I don’t follow what’s being done in the “Memory estimates” section for caching in the URL shortening service.
It states:
Memory estimates: If we want to cache some of the hot URLs that are frequently accessed, how much memory will we need to store them? If we follow the 80-20 rule, meaning 20% of URLs generate 80% of traffic, we would like to cache these 20% hot URLs.
Previously we estimated 300 million total URLs will be stored. So I understand this to mean 60 million URLs (20%) are the cause of 80% of the requests. There are ~1.7 billion requests per day, so ~1.35 billion (80%) of them should be cache hits, leaving ~34 million (20%) as cache misses.
However, the next paragraph goes on to say “To cache 20% of these requests, we will need 170GB of memory.” I think this is an error, but maybe not. Why would we cache 20% of requests… where does this come from?
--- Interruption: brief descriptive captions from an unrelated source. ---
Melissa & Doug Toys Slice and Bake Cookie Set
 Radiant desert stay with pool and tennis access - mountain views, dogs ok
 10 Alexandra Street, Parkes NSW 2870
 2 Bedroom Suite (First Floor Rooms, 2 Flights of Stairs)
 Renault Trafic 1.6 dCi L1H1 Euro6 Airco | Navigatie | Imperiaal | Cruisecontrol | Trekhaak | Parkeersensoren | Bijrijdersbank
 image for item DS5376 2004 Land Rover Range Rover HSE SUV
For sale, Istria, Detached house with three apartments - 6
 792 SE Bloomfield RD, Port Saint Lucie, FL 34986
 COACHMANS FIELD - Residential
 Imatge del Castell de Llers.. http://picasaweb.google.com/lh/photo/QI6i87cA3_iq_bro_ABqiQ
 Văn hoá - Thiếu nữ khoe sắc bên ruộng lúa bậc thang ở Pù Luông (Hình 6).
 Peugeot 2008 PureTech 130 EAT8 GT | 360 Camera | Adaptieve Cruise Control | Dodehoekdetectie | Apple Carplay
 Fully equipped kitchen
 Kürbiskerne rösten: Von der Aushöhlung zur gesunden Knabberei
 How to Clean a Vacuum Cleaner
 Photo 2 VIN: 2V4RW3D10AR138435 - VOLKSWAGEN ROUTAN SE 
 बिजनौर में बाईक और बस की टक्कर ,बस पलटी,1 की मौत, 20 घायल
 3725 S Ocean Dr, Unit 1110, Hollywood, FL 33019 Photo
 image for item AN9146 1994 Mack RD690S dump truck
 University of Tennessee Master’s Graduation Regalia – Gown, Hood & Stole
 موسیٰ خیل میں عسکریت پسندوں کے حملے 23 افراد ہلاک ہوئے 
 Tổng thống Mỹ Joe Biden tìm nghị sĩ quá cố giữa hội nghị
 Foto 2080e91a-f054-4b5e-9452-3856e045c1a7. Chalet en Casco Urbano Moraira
I thought we are caching the top 20% of URLs, which result in cache hits on 80% of requests.
To cache 20% of these requests, we will need 170GB of memory.
0.2 * 1.7 billion * 500 bytes = ~170GB
I am further lost by this calculation. Isn’t this ~170GB the amount of bandwidth spent on cache misses? Caching 20% of the total 300 million URLs would require only ~27 GB (300 million * 20% * 500 bytes).
Can someone tell me if/where I’ve gone wrong?